Just north of Cremona the nice lady on my phone (Google Maps is a beautiful thing) instructed me to turn west on Township Road 301A and travel another 15 kilometers to the rather remote Fallentimber Meadery. I followed her orders and was promptly greeted with a gorgeous panoramic vista of the rugged Rockies sweeping across the western horizon. Fifteen minutes later, give or take, I made a hard-left turn into the tucked-in-the-pines Fallentimber Meadery and the experience took on a decidedly different flavour. A sweet and savoury one, that is!
While the gorgeous drive to Fallentimber – one of only a handful of meaderies in Alberta – is certainly worth the trip alone (it’s located approximately 30 minutes north of Cochrane), the pot of gold at the end of the rainbow is the real payoff.
In this case, “the gold” is mead. Like most “newbies” who know little about this honey-made beverage, it was an eye-opening, palette-pleasing experience. This is one of the oldest alcoholic beverages in the world. It’s ancient, but, thanks in part to meaderies such as Fallentimber and their delicious, pioneering products, it all seems very new and cutting edge. (Case in point: their exceptionally popular Meadjito is about the best thing I’ve slurped this decade.
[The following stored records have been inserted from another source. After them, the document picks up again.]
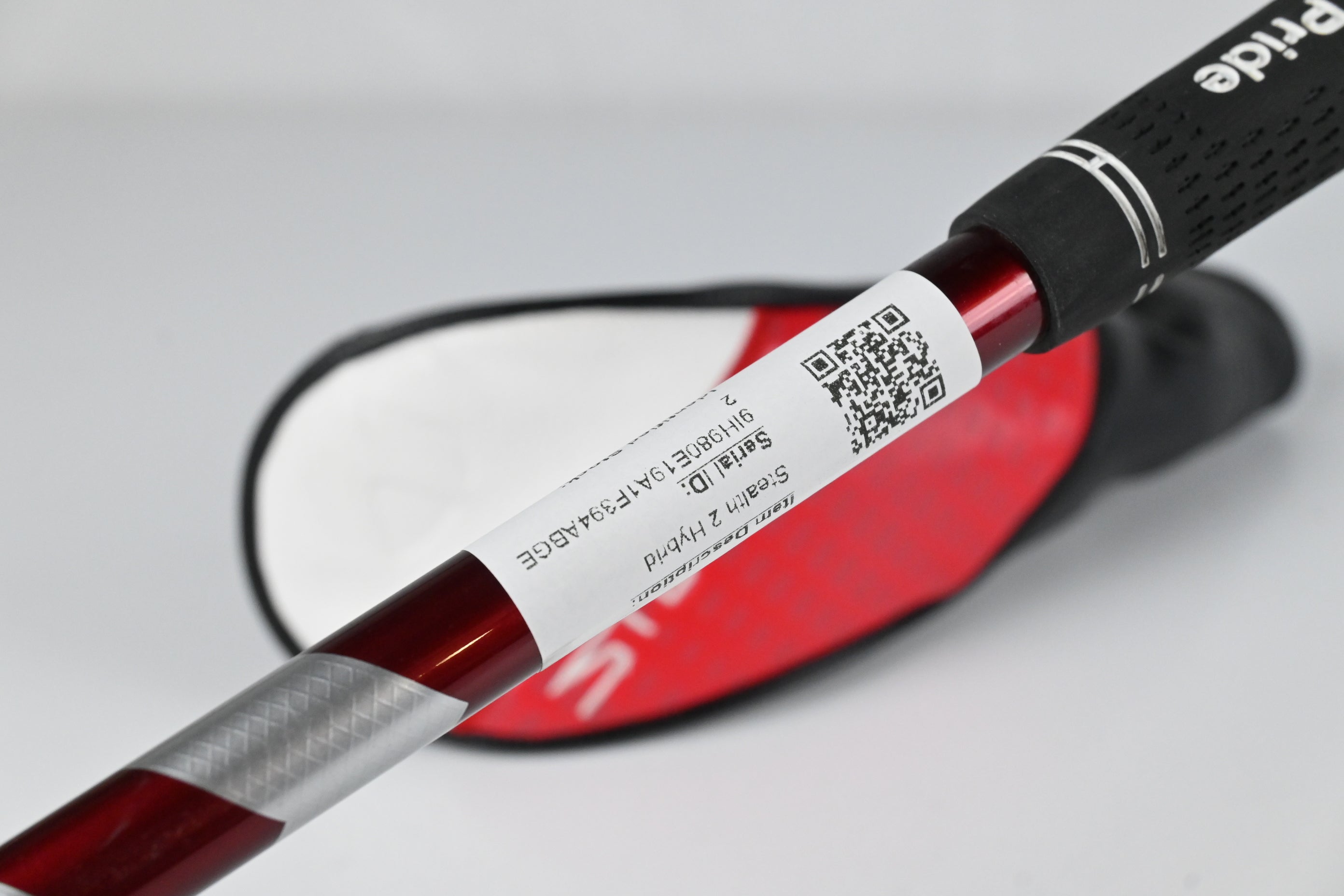 Taylormade Stealth 2 #5 Hybrid / 25 Degree / Senior Flex Fujikura Ventus TR Red 5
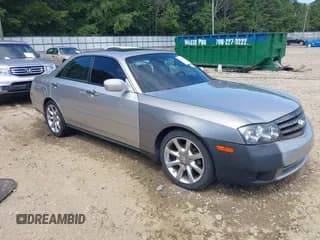 ✅ 2003 Infiniti M • VIN: JNKAY41E03M005726 • Lot: 42729764. Listed on IAAI with 154,590 mi. Free auction sales archive from the USA and detailed vehicle history report at DreamBid. Image 1.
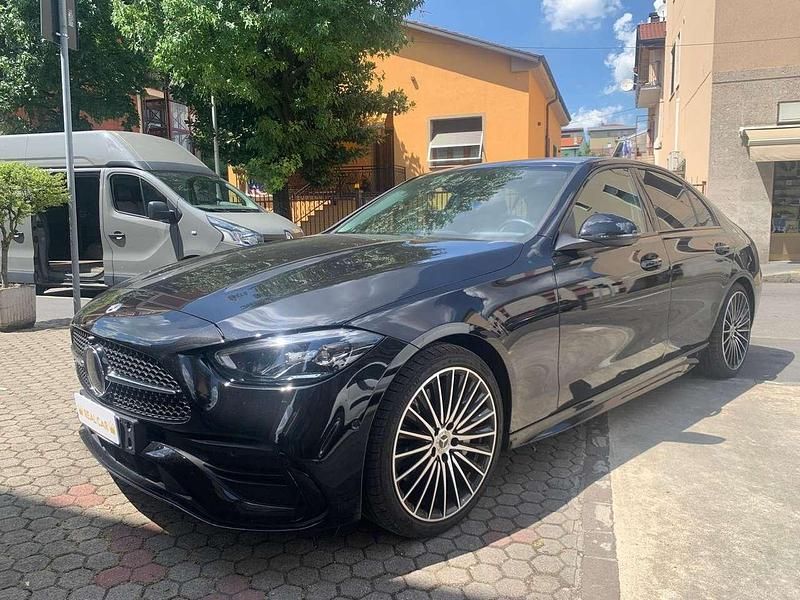 Usata Mercedes C220 Advanced 197 CV (144 kW) 2023 Nero Berlina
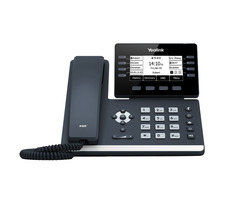 Yealink SIP-T53W schwarz / VoIP-Telefon / 3,7" Display / SIP / 2x Gbit LAN / USB / Bluetooth / WiFi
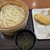 丸亀製麺 - 料理写真:釜揚げうどん並とさつまいもの天ぷら
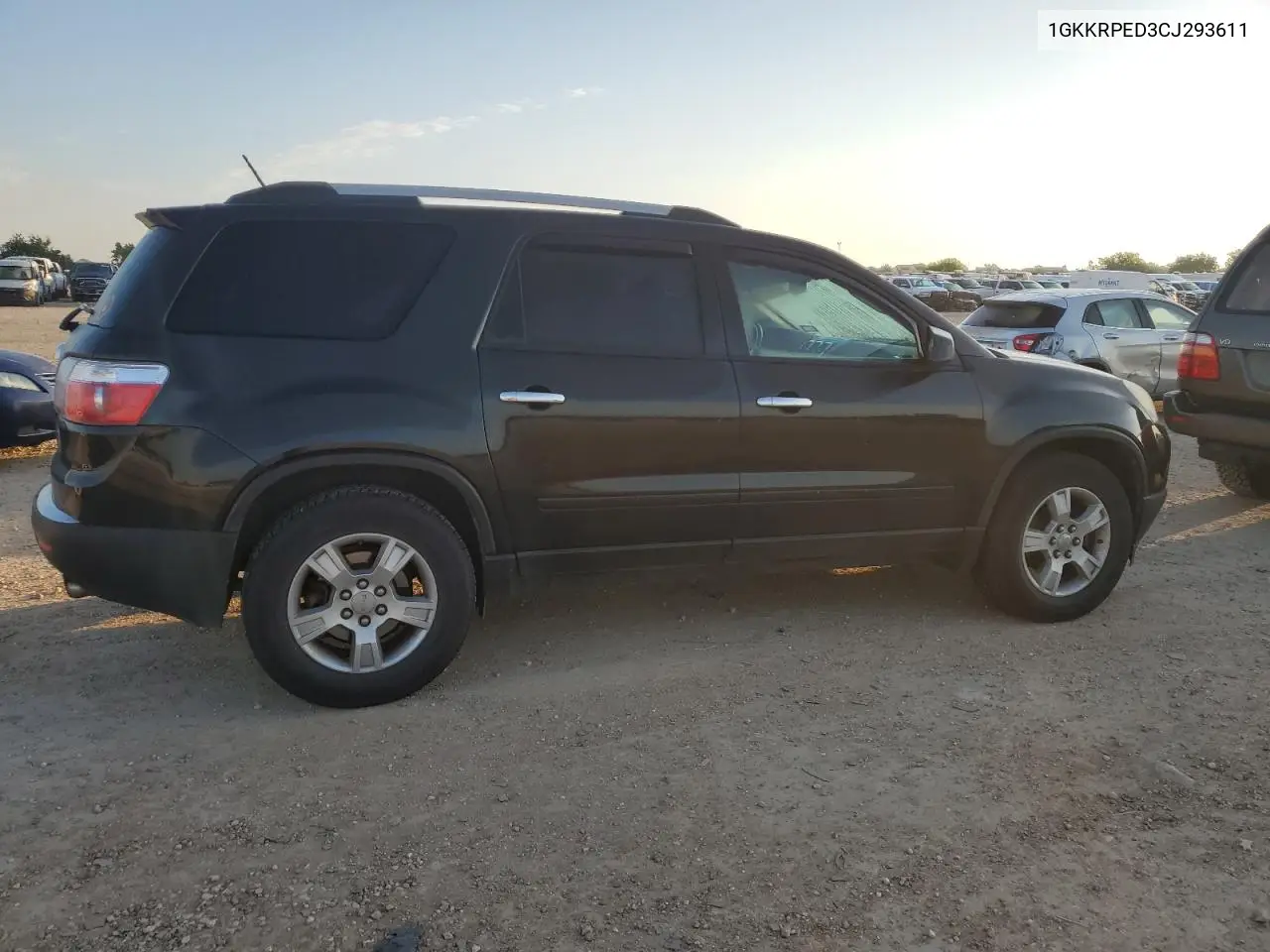2012 GMC Acadia Sle VIN: 1GKKRPED3CJ293611 Lot: 56504035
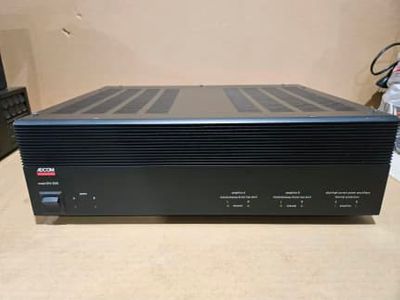 Used Adcom GFA-2535 Multichannel power amplifiers for Sale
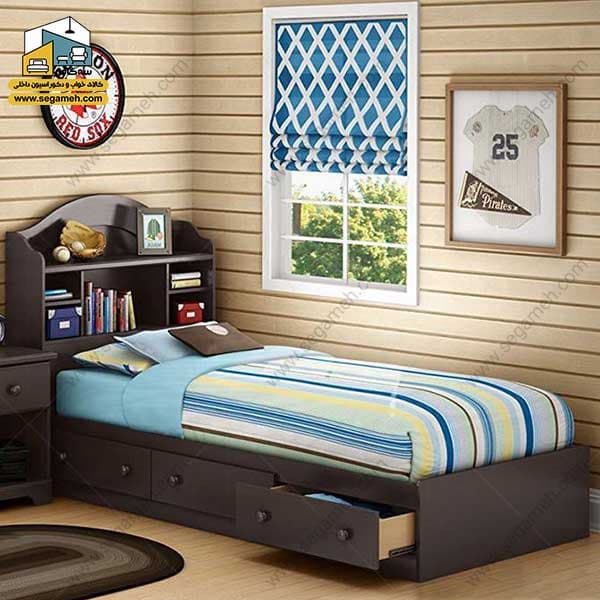 تخت خواب یک نفره کد BSP61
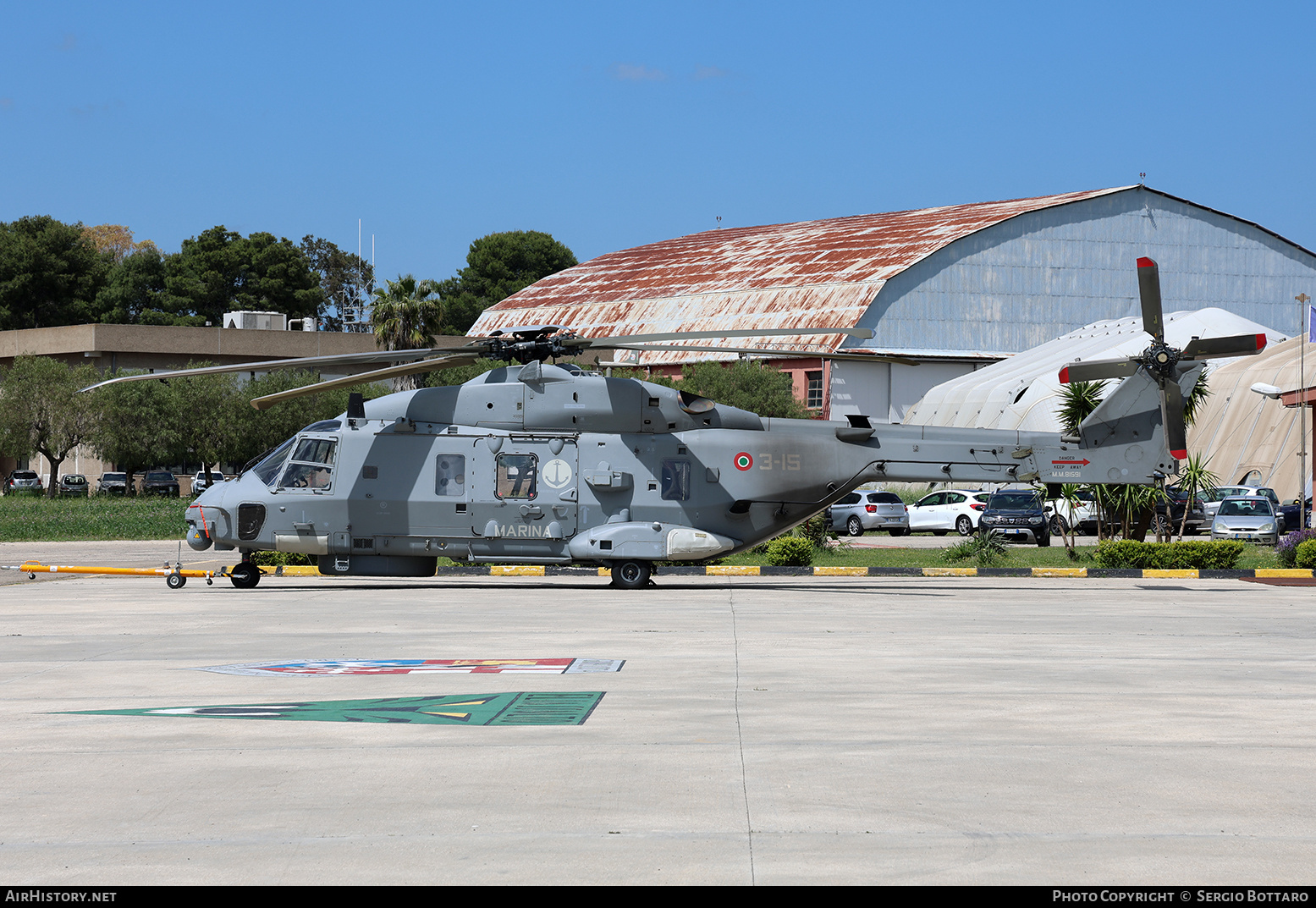 Aircraft Photo of MM81591 | NHI SH-90A | Italy - Navy | AirHistory.net #811357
This is their take on the classic mojito cocktail made with mead instead of rum. Just try it.)
Honey Wine, traditional mead
While Fallentimber certainly makes plenty of traditional mead – which is best described as “honey wine” – it was these “new” concoctions, their “session meads,” that really won me over. After touring the brand-new production facility and learning about the fast-growing operation, owner, Nate Ryan, ran through the entire line-up and poured a small sample of each in their cozy tasting room. Besides their Meadjito, the Hopped Mead (think India Pale Ale) was another favourite of mine.
On my way back to Calgary I made a quick pit stop to explore the quaint village of Water Valley. An old general store…. a rustic saloon…a few cowboys. Just like the experience at Fallentimber, it was classic Alberta.